= Beginning of Section =
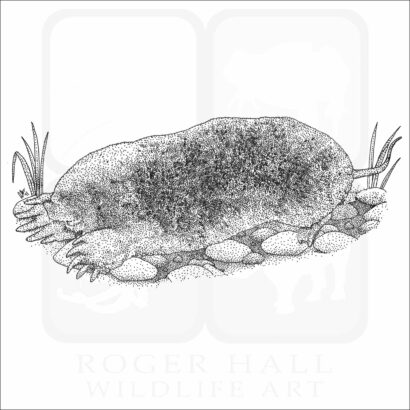 Eastern Mole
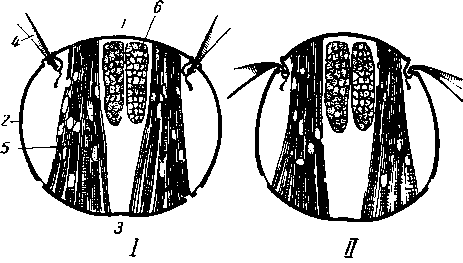 Поперечный разрез грудного сегмента насекомого, схема Поперечный разрез грудного сегмента насекомого, схема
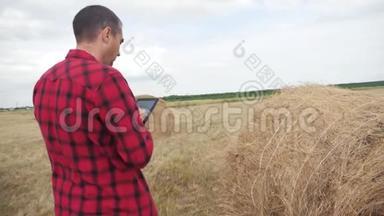 智慧农业理念。一个生活方式男人农民在一块数字平板电脑上研究一个大海捞针。慢动作
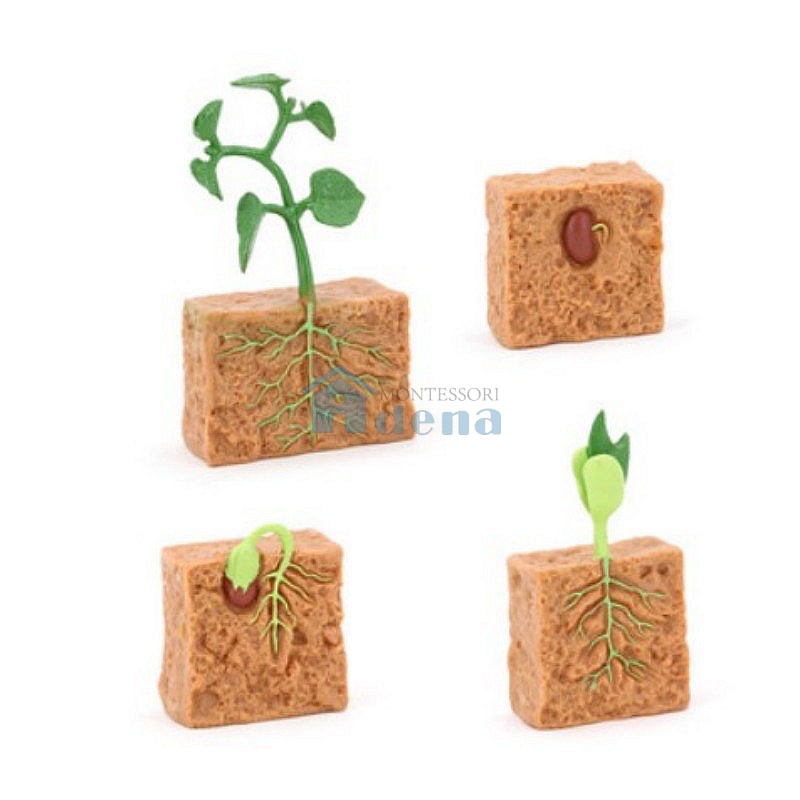 Life Cycle Objects - Seed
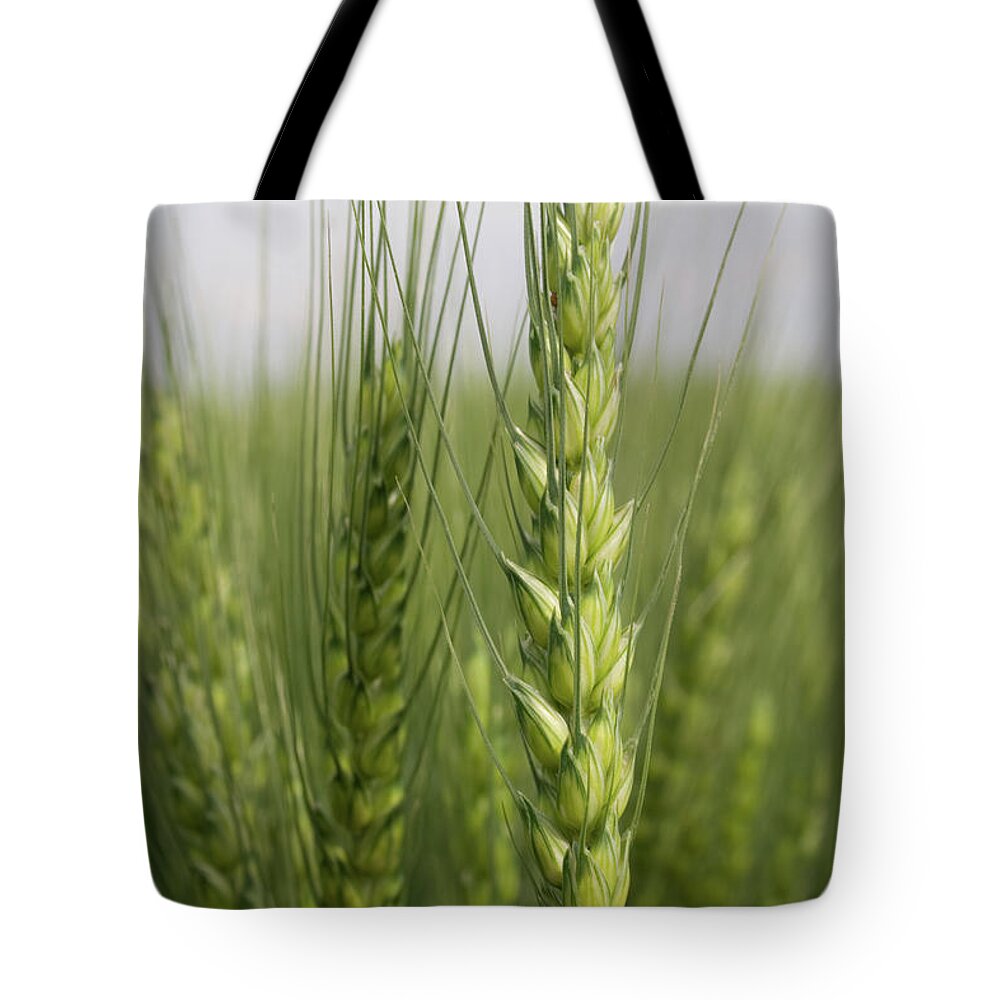 Intimate Bearded Wheat Tote Bag featuring the photograph Intimate Bearded Wheat by Dylan Punke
= End of Section =
- **TASK INSTRUCTIONS**:
Using the records above, output their complete text exactly, minus any images.

- **SOLUTION FOR THIS EXERCISE**:
 Eastern Mole
 Поперечный разрез грудного сегмента насекомого, схема Поперечный разрез грудного сегмента насекомого, схема
 智慧农业理念。一个生活方式男人农民在一块数字平板电脑上研究一个大海捞针。慢动作
 Life Cycle Objects - Seed
 Intimate Bearded Wheat Tote Bag featuring the photograph Intimate Bearded Wheat by Dylan Punke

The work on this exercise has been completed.